Classical bioisostere families (same valence electrons): monovalent: -H / -F ; -OH / -NH2 / -SH divalent : -CH2- / -NH- / -O- / -S- / -Se- trivalent: -CH= / -N= (in rings: CH vs N) tetravalent: =C= / =N+= / =Si= ring N for CH: benzene -> pyridine
Why H→F is the workhorse
Fluorine is only slightly larger than hydrogen, so a fluorine scan — placing F at each position in turn — usually leaves the shape alone. But fluorine is strongly electron-withdrawing, so it does three useful things: it can block a metabolically weak C–H from oxidation, it lowers nearby pKa to tune ionization, and it modestly raises lipophilicity to help permeability. Sometimes it even adds a halogen bond to the target.
Because the change is so small and so single-variable, an H→F pair is the textbook matched molecular pair: two molecules differing by exactly one transformation, so any change in activity or property is cleanly attributable to that swap. This is how the field accumulated reliable SAR rules for what fluorine does.
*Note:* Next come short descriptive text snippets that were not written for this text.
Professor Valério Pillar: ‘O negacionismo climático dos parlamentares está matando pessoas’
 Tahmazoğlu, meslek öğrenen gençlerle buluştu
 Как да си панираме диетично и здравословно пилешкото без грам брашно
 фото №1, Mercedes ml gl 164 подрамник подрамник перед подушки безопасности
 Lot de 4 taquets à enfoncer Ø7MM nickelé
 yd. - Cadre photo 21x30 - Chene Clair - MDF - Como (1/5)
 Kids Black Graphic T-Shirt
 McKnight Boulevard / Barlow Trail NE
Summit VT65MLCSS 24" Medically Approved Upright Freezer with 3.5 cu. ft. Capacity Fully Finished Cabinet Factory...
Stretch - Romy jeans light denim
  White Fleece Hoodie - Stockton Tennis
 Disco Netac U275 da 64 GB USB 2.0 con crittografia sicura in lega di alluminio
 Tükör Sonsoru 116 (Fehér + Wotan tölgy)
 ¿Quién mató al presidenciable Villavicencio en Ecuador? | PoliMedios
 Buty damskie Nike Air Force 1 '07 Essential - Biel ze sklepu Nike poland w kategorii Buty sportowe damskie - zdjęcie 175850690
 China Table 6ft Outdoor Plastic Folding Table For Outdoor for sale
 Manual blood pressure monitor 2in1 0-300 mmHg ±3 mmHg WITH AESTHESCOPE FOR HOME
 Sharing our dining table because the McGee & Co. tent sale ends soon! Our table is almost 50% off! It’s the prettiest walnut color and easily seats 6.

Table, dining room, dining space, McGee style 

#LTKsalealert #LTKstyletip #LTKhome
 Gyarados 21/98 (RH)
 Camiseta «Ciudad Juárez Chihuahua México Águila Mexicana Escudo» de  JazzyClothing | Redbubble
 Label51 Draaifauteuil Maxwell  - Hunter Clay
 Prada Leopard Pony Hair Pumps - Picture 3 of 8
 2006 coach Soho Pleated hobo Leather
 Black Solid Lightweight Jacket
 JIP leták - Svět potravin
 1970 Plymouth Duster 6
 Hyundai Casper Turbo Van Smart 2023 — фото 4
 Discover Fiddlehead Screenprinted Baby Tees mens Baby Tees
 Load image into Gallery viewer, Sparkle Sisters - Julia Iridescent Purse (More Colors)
Where like-for-like quietly breaks
Equal electron count does not guarantee equal behavior. Replacing –O– with –S– keeps the valence but the sulfur is bigger, more polarizable, and a weaker H-bond acceptor — bond lengths and angles shift, and a tight pocket may notice. Swapping –CH2– for –NH– adds a donor and a basic, ionizable nitrogen that changes pKa, solubility, and possibly charge at physiological pH. The classical table is a starting hypothesis, not a guarantee.